**Available data**.
◆ ◆ ◆ ◆ ◆ ◆ ◆

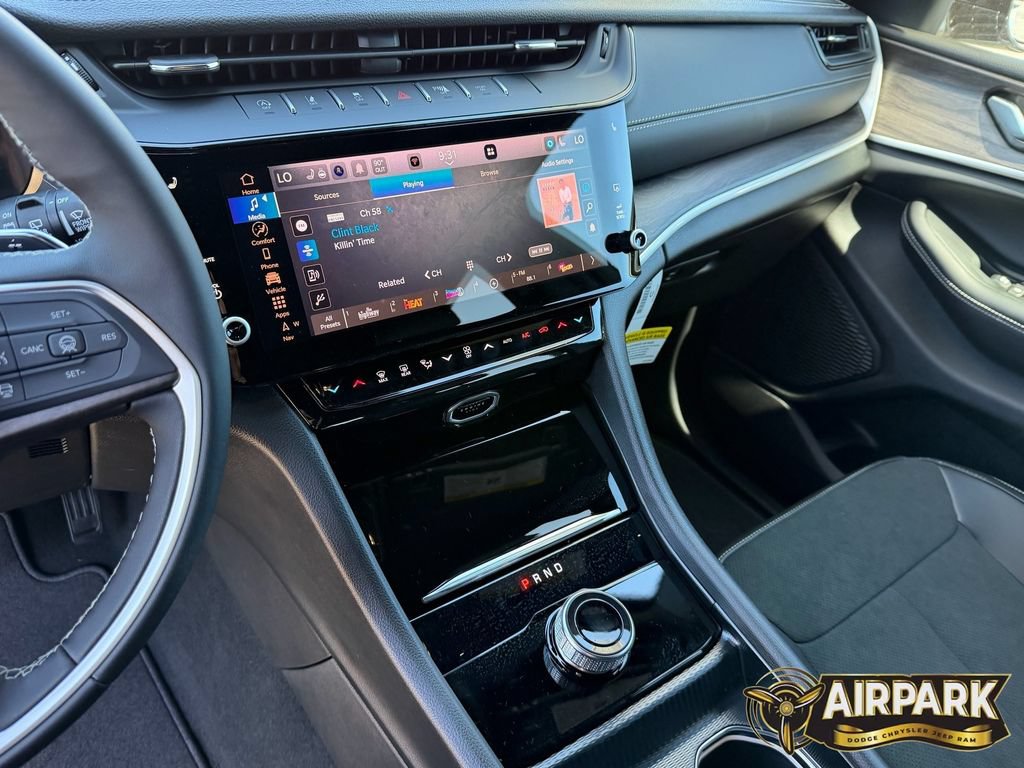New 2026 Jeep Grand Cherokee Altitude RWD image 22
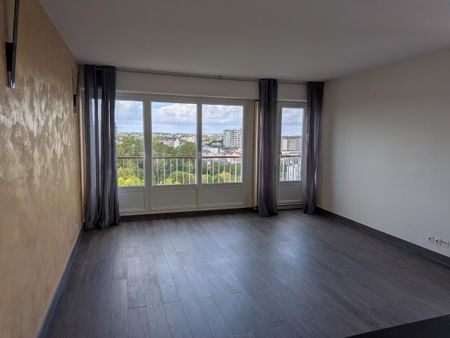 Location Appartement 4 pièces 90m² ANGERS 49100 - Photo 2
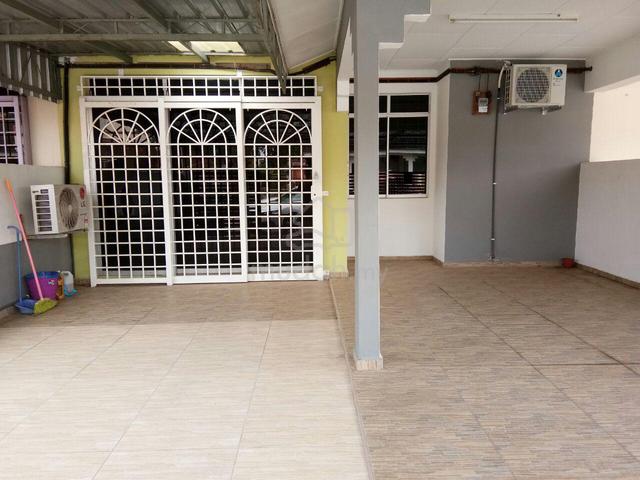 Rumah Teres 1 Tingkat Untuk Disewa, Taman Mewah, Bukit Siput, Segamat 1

◆ ◆ ◆ ◆ ◆ ◆ ◆

**Instructions for the task**. Extract word for word every line from the line that contains "Location Appartement 4" to the final line of the data, both included, and nothing else; skip the pictures.

**Solution to the exercise**.
 Location Appartement 4 pièces 90m² ANGERS 49100 - Photo 2
 Rumah Teres 1 Tingkat Untuk Disewa, Taman Mewah, Bukit Siput, Segamat 1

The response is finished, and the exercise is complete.